We were invited to undertake systematic archaeological excavations in this area, and opened a test unit at the top of the slope. The upper layers of the unit contained construction fill, and we encountered portions of a cemetery approximately 3.5 meters into the matrix.

These burials lacked clear grave cuts, and were often interred in close proximity to each other. In some cases, bodies in the lower strata lacked skeletal parts from what we believe were subsequent interments in the same location. Please consult Andy Brouwer's web site to obtain more details on the Vat Komnou excavations.
Vat Komnou Cemetary Excavations.

The 1999-20000 excavations produced portions of at least 80 primary and secondary burials, the latter involving commingled, partial individuals. As the largest skeletal sample from Cambodia recovered through systematic archaeological excavations, the Vat Komnou cemetery offers an invaluable opportunity to assess the relative health of Mekong Delta populations from 200 BC – AD 200.
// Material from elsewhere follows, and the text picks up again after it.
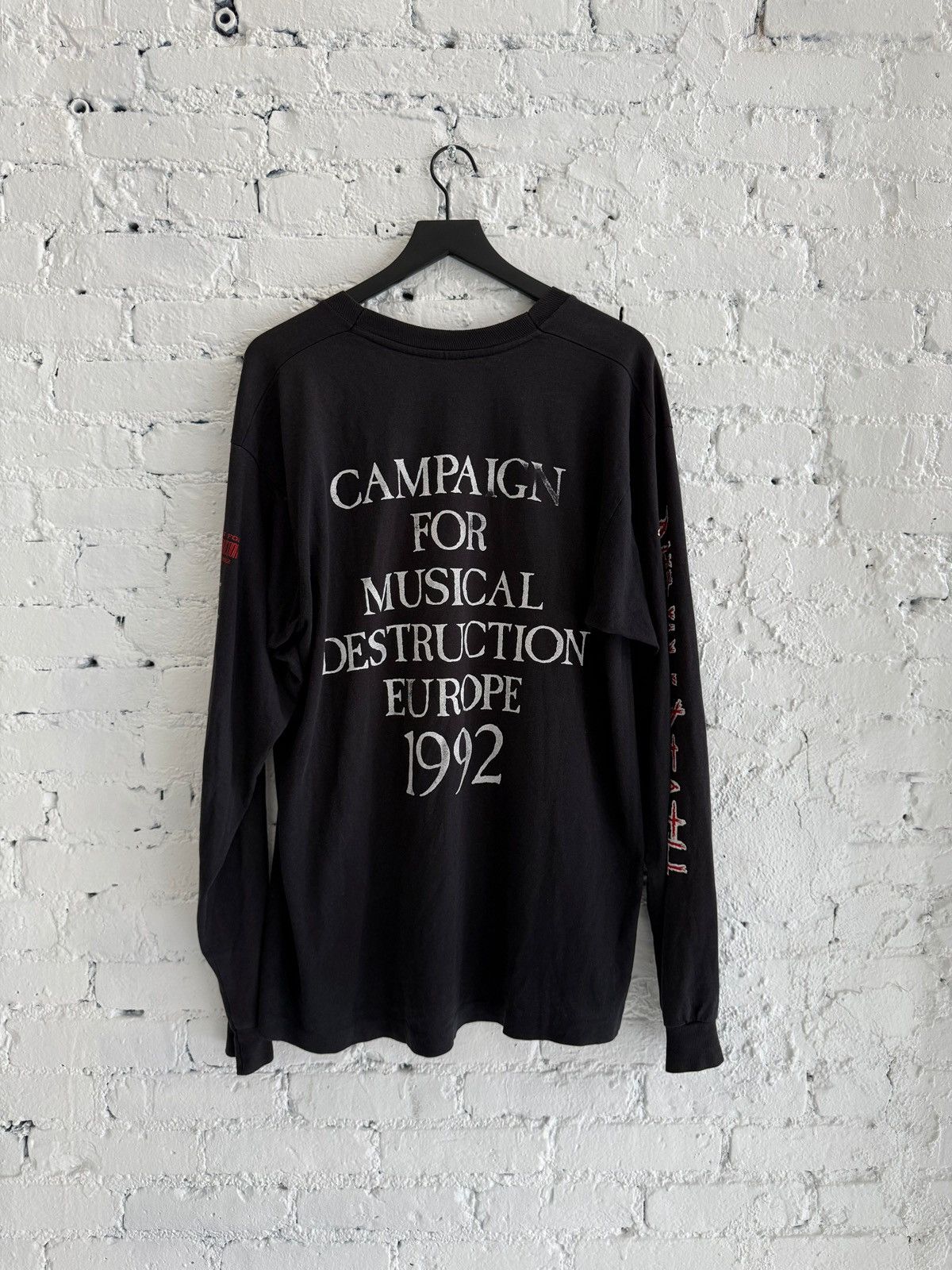 Vintage 1992 NAPALM DEATH ‘CAMPAIGN FOR MUSICAL DESTRUCTION’ L/S TEE Size US XL / EU 56 / 4 - 5 Thumbnail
A preliminary skeletal analysis of the Vat Komnou cemetery was presented at the 2006 IPPA congress in Manila. Other research now in progress includes compositional studies of glass and carnelian beads recovered with the burials, technological, compositional and technological studies on the mortuary ceramic vessels (Article), and a zooarchaeological study of associated animal remains.

Our work constitutes the first archaeological excavation of that cultural layer at Angkor Borei, and the first systematic archaeology excavation of a cemetery of inhumations in Cambodian archaeology. Previous work at prehistoric sites like Samrong Sen and Mlu Prei recovered some human remains, but not large cemeteries.

Radiocarbon dates from the University of Waikato Radiocarbon Dating lab suggest the cemetery was used between c. 200 B.C. and A.D. 200. Research on materials from the Vat Komnou cemetery hold great importance for reconstructing the early historic period in the Mekong delta.

Previous work at Thai sites like Ban Don Ta Phet (by Ian Glover and his colleagues) provides material evidence for contact between South and Southeast Asia by c. 400 B.C. Yet the nature and intensity of this contact remains poorly understood.


The fact that we found inhumations, rather than cremations, may suggest that inhabitants of this cemetery did not fully embrace the Indic ideology that may have already permeated the region. It may also be possible that the cemetery section we excavated did not include elite burials, and perhaps elites practiced different mortuary traditions at this time that incorporated Indic ideology.